Both processes print SAME address. I thought every child gets a (independent) copy of parent's memory. I need every process to have its own variable x
. How can I do that or am I doing something wrong?
What fork() does is the following: It creates a new process which is a copy of the calling process. That means that it copies the caller's memory (code, globals, heap and stack), registers, and open files.
However, in the case of threads the address space will not be copied: the two threads will share the same memory, so if one thread modify a variable, it will impact all other threads.
When a fork() system call is issued, a copy of all the pages corresponding to the parent process is created, loaded into a separate memory location by the OS for the child process. But this is not needed in certain cases. Consider the case when a child executes an "exec" system call or exits very soon after the fork().
all kind of data pointers, memory, variable will be duplicate in a separate memory for the child process created with fork.
You need to understand that there is a disconnect between physical memory and the virtual address space of a process.

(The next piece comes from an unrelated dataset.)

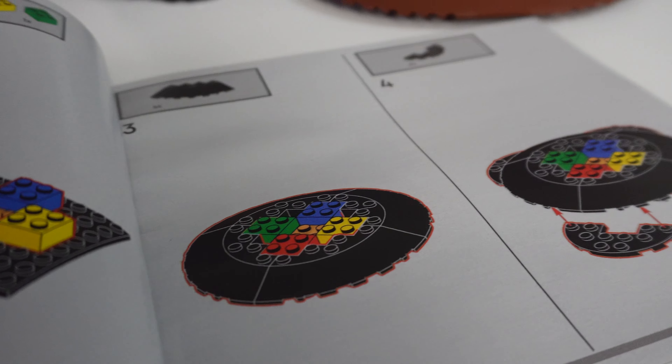Thanks so much to the LEGO Group for sending me this set for review. While you're here, please like this video — it really helps my channel — and if you like what you see, hit that subscribe button. This Talking Sorting Hat set comes out on March 1st, it's 561 pieces, and it's going to retail for $99.99 USD.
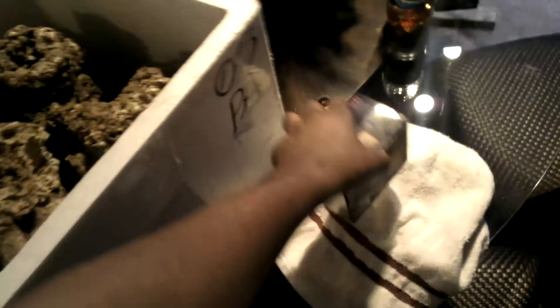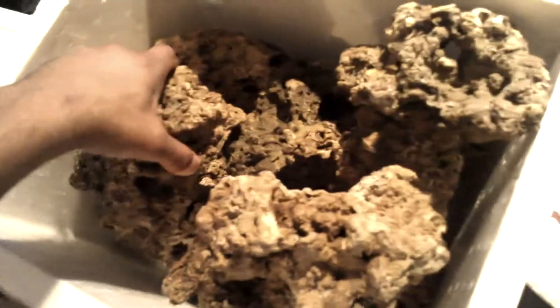All right fellas, got some new stuff. Bought it from a good guy I met off Craigslist. This is one of his hobbies and he gave me a gang of rock — big chunks of rock, maybe I don't know how many pounds. It's big pieces of rock, all cured, just big real big pieces.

Every single process gets its own 4G virtual address space and it's the job of the operating systems and hardware memory managers to map your virtual addresses to physical ones.
So, while it may seem that two processes have the same address for a variable, that's only the virtual address.
The memory manager will map that to a totally different physical addressa.
This mapping is also what allows you to run ten processes, each taking up 1G, even though your machine only has 4G of physical memory. The OS can swap bits of your memory out to disk and bring them back in when you try to use them.
a: Mostly, this is true. It may map to the same physical address if you're sharing stuff between processes. For example, shared memory, kernel code and data, dynamic libraries and so forth.
If you stop to think for a minute, it would be impossible for fork
to give variables separate addresses in the parent and child process. You could already have stored the addresses anywhere in memory, or hashed them, or saved them out to a file, or anything, and then anything in the child that depended on these addresses being valid would horribly break. In fact fork
does and must create a child process in which the virtual address space is identical to the virtual address space of the parent.